I have actually figured out something else which could work out nicely, too: The Asus routers have an addon which is called "Merlin" and allow to setup guest networks and advanced routing. Will try to tell the router that the guest network does not need to use the VPN. So basically it was your idea @TallGuyJohninBKK just that it is all in one and the same router.

 

 

[TallGuyJohninBKK]

6 hours ago, No1 said:

I have actually figured out something else which could work out nicely, too: The Asus routers have an addon which is called "Merlin" and allow to setup guest networks and advanced routing. Will try to tell the router that the guest network does not need to use the VPN. So basically it was your idea @TallGuyJohninBKK just that it is all in one and the same router.

 

My ASUS router also has the "guest networks" feature as part of its firmware.
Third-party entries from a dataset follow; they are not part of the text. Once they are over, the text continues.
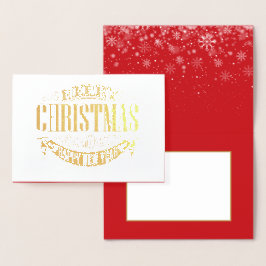 Cartão Metalizado Feliz Natal Feliz Ano Novo Elegante Dourado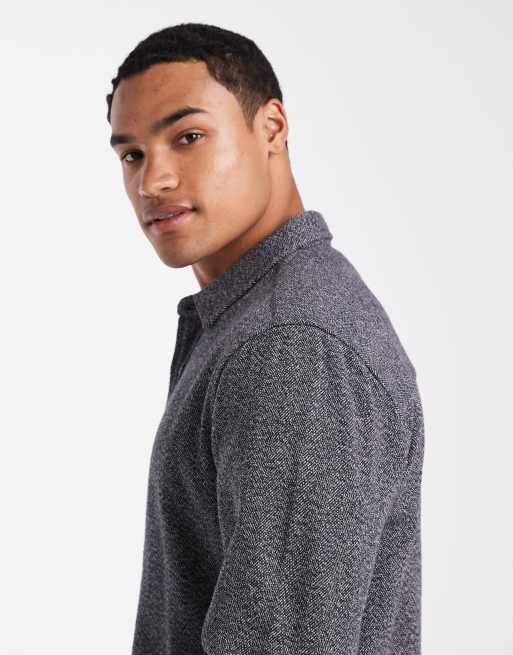 New Look herringbone shirt in navy, 4 of 5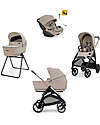 Aptica System Quattro - Vicuna Beige - Passeggino + Culla Standup + Seggiolino Auto Darwin Recline EVO + Telaio Palladio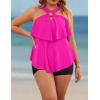 imageBlooming Jelly Womens Plus Size Tankini Swimsuits Two Piece Bathing Suits Tummy Control Flounce with ShortsHot Pink and Black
And from my fiddling with it, it clearly allows you to set up separate SSIDs on either the 2.4 or 5 GHz bands, give them their own separate passwords, and control to some extent how much access they have to files on your local network.

 

But, at least in my fiddling, I didn't find a way to configure the Guest Network part to broadcast a different internet connection from the one being used by the main router, such as VPN vs no VPN.... 

[beau thai]

thanks guys for your info, courtesy and patience. Not always features of TVF!  Now I get it.

[No1]

Isak, Veepn does not support port forwarding and my problem was also not that I was looking for a VPN provider but for a solution to get a router setup to use OpenVPN to the instance installed on my own server.